TASK ITEM
Return exactly, please, the line that contains "Clear Bin Liners" and every line after it through the end of the material that follows, leaving pictures aside.

DATA SHOWN
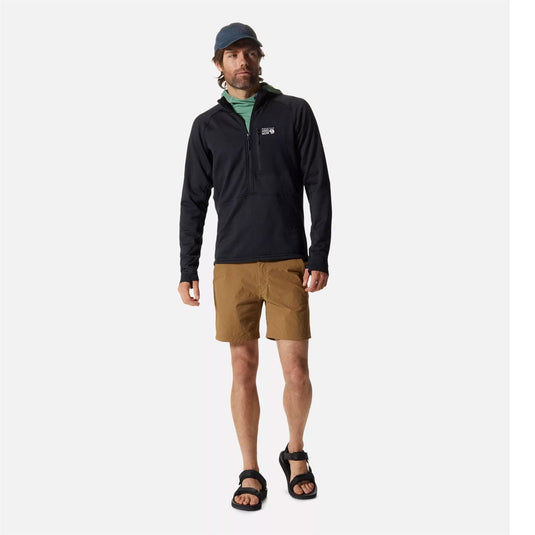 Mountain Hardwear Men's Basin Trek Short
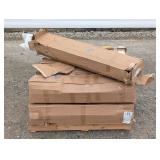 ~11- Boxes of Clear Bin Liners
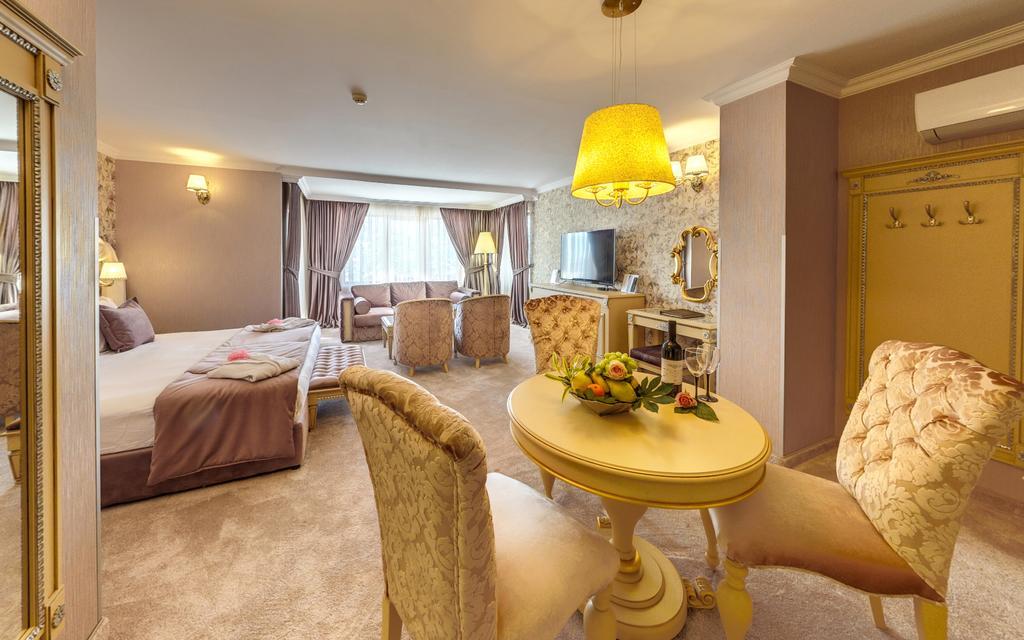 Suite Kari mit Queensize-Bett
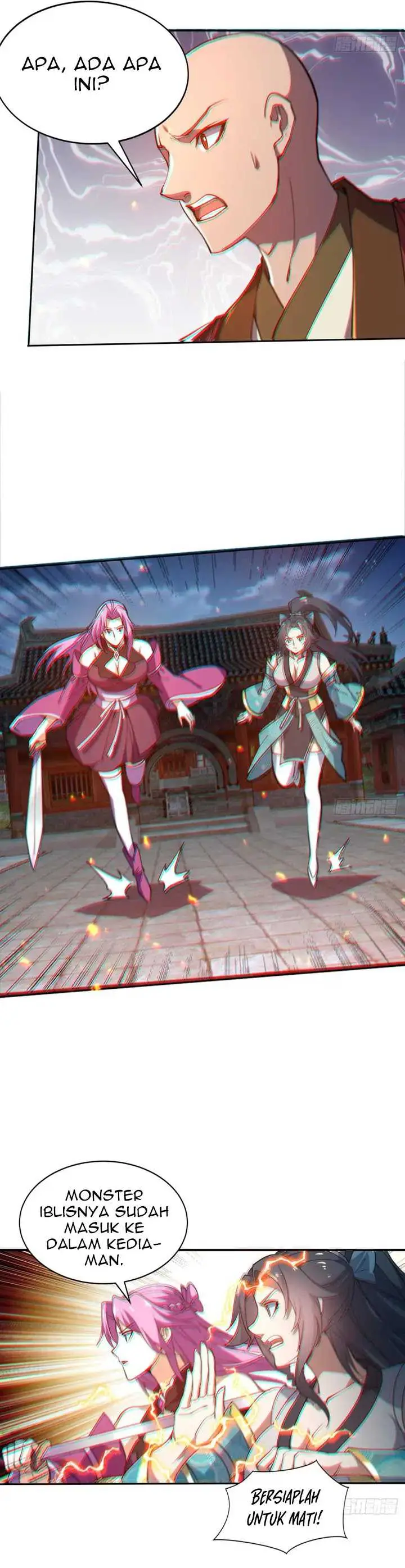 image-komik-i-get-stronger-just-by-lying-down-while-my-apprentice-cultivates-chapter-14-9/14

FINISHED EXERCISE
 ~11- Boxes of Clear Bin Liners
 Suite Kari mit Queensize-Bett
 image-komik-i-get-stronger-just-by-lying-down-while-my-apprentice-cultivates-chapter-14-9/14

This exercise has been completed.